A gel cell is a lead-acid electric storage battery that:
is pressurized and sealed using special valves, and therefore
should never be opened.
is completely maintenance-free*.
uses a thixotropic gelled electrolyte.
uses the recombination technique to replace oxygen and
hydrogen normally lost in a wet cell (particularly in deep
cycle applications).
is non-spillable, and therefore can be operated in virtually
any position. However, installation upside-down is not
recommended.
* Connections must be retorqued and the batteries should be cleaned periodically.
How does a gel cell work?
A gel cell is a recombinant battery. This means that the oxygen
that is normally produced on the positive plate in all lead-acid
batteries recombines with the hydrogen given off by the negative
plate. The recombination of hydrogen and oxygen produces
water (H
2
O), which replaces the moisture in the battery. Therefore,
the battery is maintenance-free, as it never needs watering.

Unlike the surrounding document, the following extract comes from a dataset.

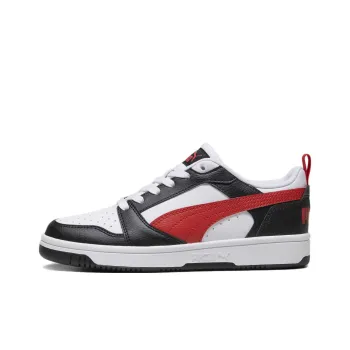 PUMA Rebound V6 V6 Lo Slip-Resistant Low-Top Kids' Skateboarding Shoes Black White Red Teenagers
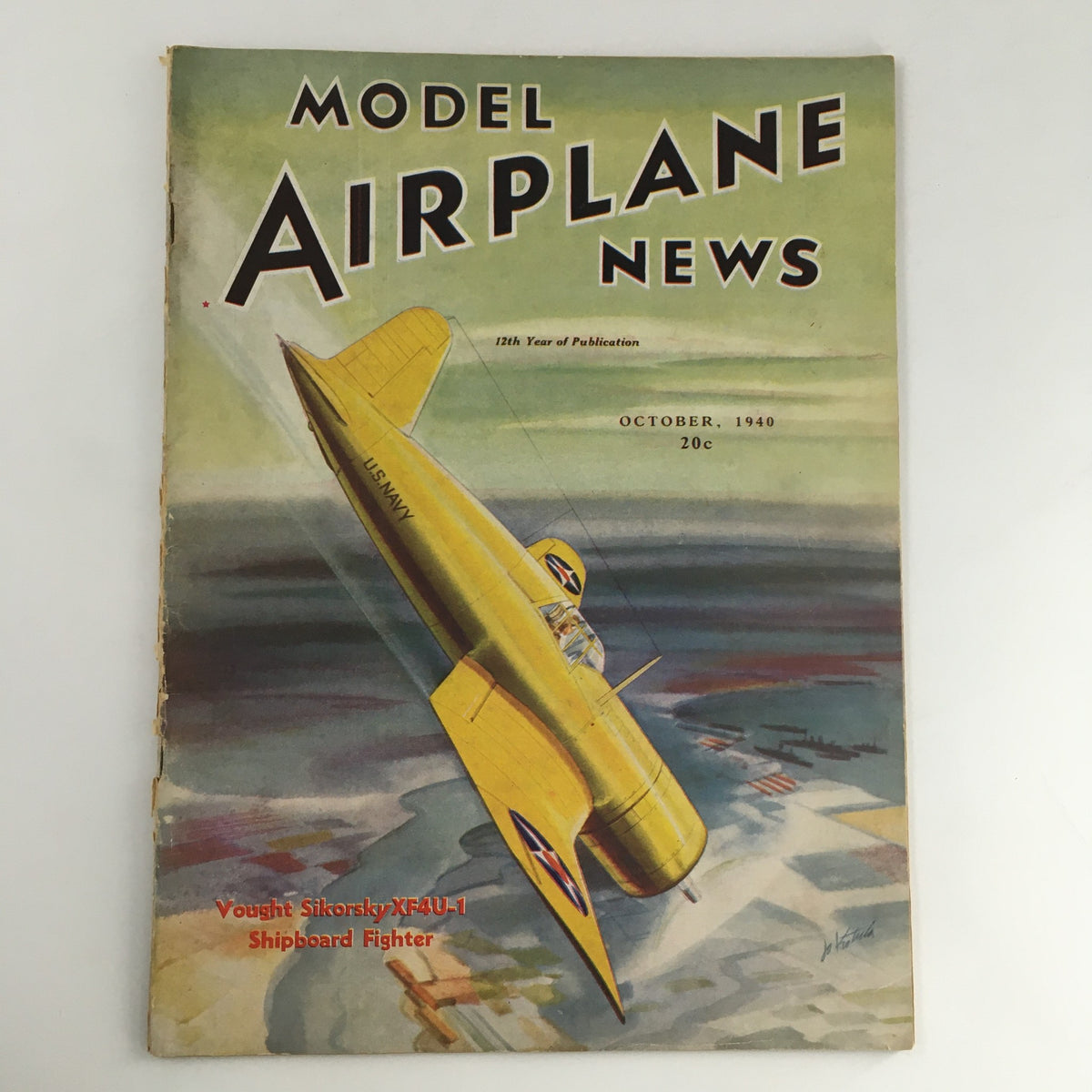 Model Airplane News Magazine October 1940 featuring Vought Sikorsky XF4U-1 Shipboard Fighter on the cover, showcasing vintage aviation art.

The oxygen is trapped in the cell by special pressurized sealing
vents. It travels to the negative plate through tiny fissures or cracks
in the gelled electrolyte.
The sealing vent is critical to the performance of the gel cell.
The cell must maintain a positive internal pressure. Otherwise the
recombination of the gasses will not take place, and the cell will
dry out and not perform.
In addition, the valve must safely release any excess pressure that
may be produced during overcharging. Otherwise the cell would be
irreparably damaged.
Its important to note that a gel cell must never be opened once
it leaves the factory. If opened, the cell loses its pressure, and the
outside air will poison the plates and cause an imbalance that
destroys the recombination chemistry.
Hence the name: Sealed Valve Regulated (SVR) Battery.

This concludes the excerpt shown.